At a coding interview, talking about time complexity is extremely important, to verify understanding of fundamentals, and the ability to scale.
Finding the optimal algorithm and implementing it is the typical target of a coding interview.
It can be acceptable to not find the optimal solution under stress,
but the topic of complexity must be at least raised and discussed.

The posted code, as well as the youtuber reference code are both linear.
A solution exists with logarithmic time and it’s an interesting topic during a coding interview,
as well as contrasting with using the native functions .indexOf and .lastIndexOf,
which would be a good demonstration of knowledge of the language,
sending good signals.

The discussion about the use of continue and break in the loop are minor compared to the conversation on complexity and the main algorithm.

Binary search

Others have pointed out that you can use binary search for better time complexity.
I haven’t seen mentioned yet that two variations of binary search are needed here, one to find the leftmost position and another to find the rightmost position.
I believe this is actually the heart of this exercise,
verifying not only the understanding of time complexity,
but also binary search,
and going a little bit beyond its most basic use case.
That is, considering the added logical complexity of duplicate elements in the sorted collection, and how to deal with them.
See the dedicated section on this topic in wikipedia.

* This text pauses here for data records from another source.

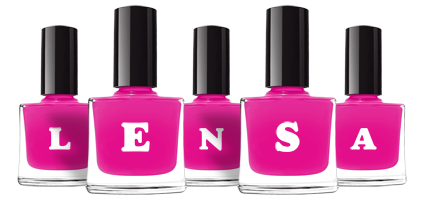 Lensa nails logo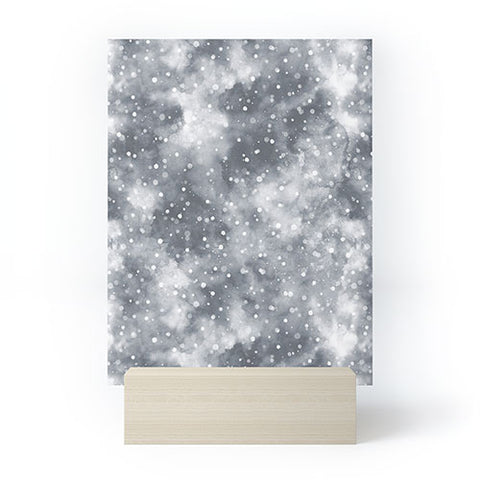 Ninola Design Cold Snow Clouds Mini Art Print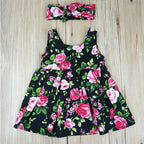 Interesting Toddler Kids Baby Girl Party Princess Floral summer Dress Pageant Clothes With Bow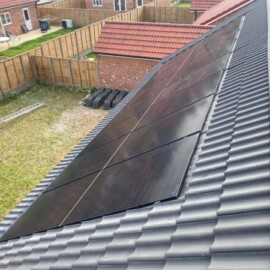 Trina Vertex S 450W All Black Panel x20 Solax 7.5 Hybrid Inverter + Solax Triple Power 11.6kw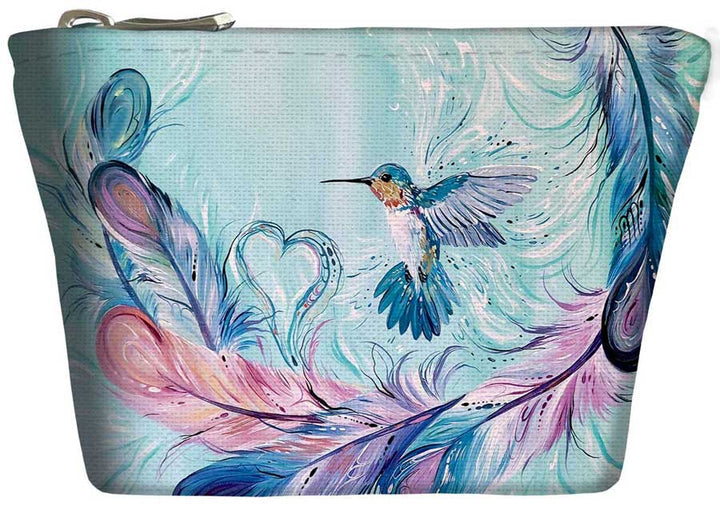 Coin Purse- Hummingbird Feather by Carla Joseph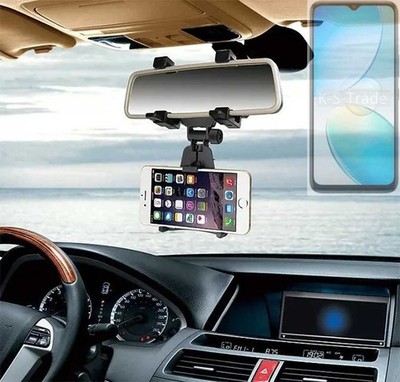 Autohalterung Rückspiegel für Infinix Hot 12 Pro Smartphone Halter Spiegelhalt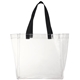 aerial view a black rally clear stadium tote, image 1 of 4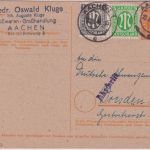 AM-Post - 6 Pfg. Ganzsache+Zusatz Aachen - Dresden 1946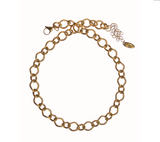 Hot Tomato Lovely Linked In Bracelet - Gold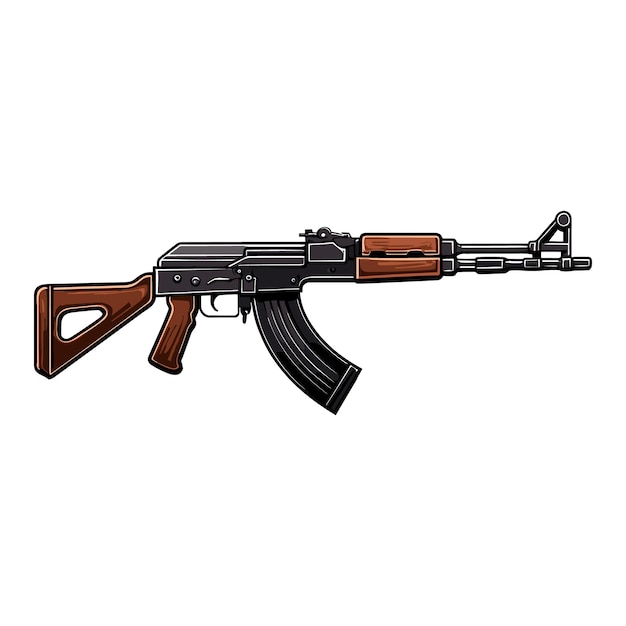 Iconic Assault Rifle: Sleek Design and Powerful Presence | Jiffy Designs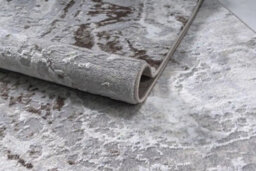 Stratus Interiors Miro Large Marble Design Living Rug 200 X 290 Cm - Bronze / Cream / White / Silver - Medium - thumbnail 4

Solve from high level to lower levels

At the highest level,
finding a range comes down to finding the start and the end of the range.
I think it’s a good start to split the problem into two smaller sub-problems like this, and go from there.
Then the first iteration of the solution could look something like this:

// returns an array of [start, end],
// where start is the index of the first element that has the target value,
// and end is the index after the last element that has the target value,
// or [-1, -1] when the target value is not in the array
function findRange(arr, target) {
  return [
    findLeftMostIndex(arr, target),
    findAfterRightMostIndex(arr, target)

The referenced functions don’t exist (yet), and that’s ok.
This is a good opportunity to have a conversation with the interviewer about the function name, the parameters, their types, the return value,
the precise meaning of the boundaries of the range (inclusive vs exclusive),
and potential corner cases.

After clarifying the above details and the intended behavior,
then of course the next step is to implement one or both of the helper functions, depending on the interviewer and the time available.
But that’s a smaller scope than the original problem,
which will help the conversation to go in the direction of questioning whether a linear logic is good enough to find the correct index, and if we can benefit somehow from the fact that the list is sorted.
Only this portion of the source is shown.